Oysa Piscasso, 20. yüzyılın en önemli ressamıdır; dünya resim tarihinin de en önemlilerinden bir tanesidir. Guernica tablosunda insanlık tarihinin gördüğü en büyük katliamlardan bir tanesini gerçekleştiren Nazilerin, insan, hayvan, canlı tüm varlıkları nasıl insanlıktan çıkmışcasına yok ettiğini mükemmel bir imgelem gücüyle anlatmıştır. Öldüren ve ölen değişik şekillerde aynı tabloda karşı karşıya gelmektedir. Resimde gördüğümüz, sadece, yüksek irtifadan atılan bombaların parçaladığı bedenler değildir; ölüm anının insan ruhunda yarattığı kırılmadır, korku ve çığlıktır.

Görmediği bir vahşeti bu kadar derinliğine duyumsayarak, resmeden bir sanatçıyı sadece kadınlarla olan ilişkisiyle ele almak, insanlık tarihine kazandırdığı büyük toplumcu eserleri unutturma çabasından başka bir şey olamaz.

BÜYÜK TOPLUMSAL DUYARLILIK 

Aynı  şey çoğu zaman Nazım Hikmet için de yapılmıştır. Evlilikleri, ayrılıkları şiirinin önüne konmuştur.
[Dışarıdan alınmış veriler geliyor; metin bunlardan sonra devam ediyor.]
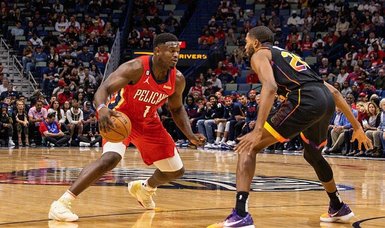 Zion Williamson powers red-hot Pelicans past slumping Suns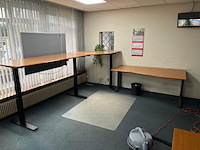 2x hoekopstelling bureau deels in hoogte verstelbaar - afbeelding 1 van  24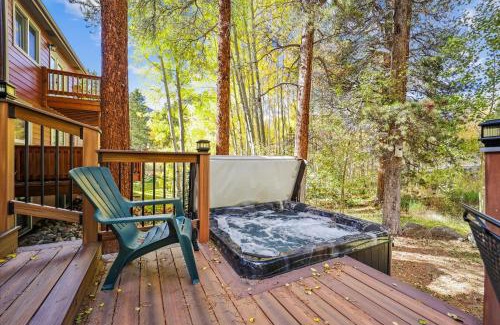 Frisco Casa | The Royal Escape Duplex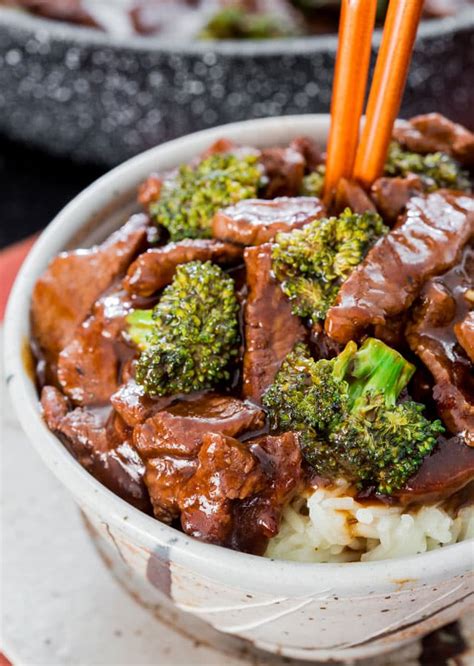 How many sugar are in beef and broccoli stir fry with rice (11895.0) - calories, carbs, nutrition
Oysa Nazım Hikmet, Pablo Picasso "kadınlarla olan sorunlu ilişkileri" nedeniyle dünyanın tanıdığı büyük sanatçılar olmamışlardır. Yaşamayı ve insanı sevdikleri için büyüktürler; yaşamın acılarını ve sevincini büyük sanatsal dehâlarıyla anlattıkları için insanlığa mâl olmuşlardır.

Hayatlarını okumak ve öğrenmek sanat anlayışlarını daha iyi kavramamızı sağlar hiç kuşkusuz; fakat onları özel hayatlarıyla anlatmak ucuz bir karalama çabasından öteye gitmez.